---- Data shown
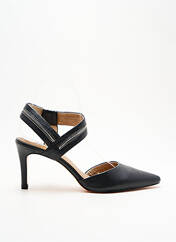 Escarpins noir FUGITIVE BY FRANCESCO ROSSI pour femme seconde vue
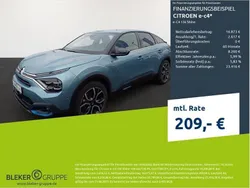 Islandgrau Gebraucht 2021 Citroën e-C4 Shine Limousine | 19.490 € (Fairer Preis)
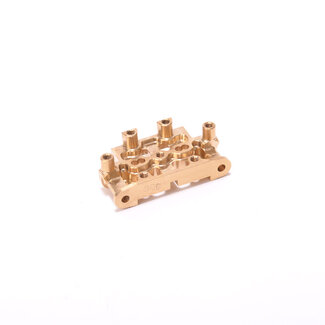 SCHUMACHER SCHUMACHER Brass Pivot Block V2 - 30g - LD2/3, ST2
--------
- Task -
Minus its pictures, the full listing should be copied verbatim.

- Task output -
 Escarpins noir FUGITIVE BY FRANCESCO ROSSI pour femme seconde vue
 Islandgrau Gebraucht 2021 Citroën e-C4 Shine Limousine | 19.490 € (Fairer Preis)
 SCHUMACHER SCHUMACHER Brass Pivot Block V2 - 30g - LD2/3, ST2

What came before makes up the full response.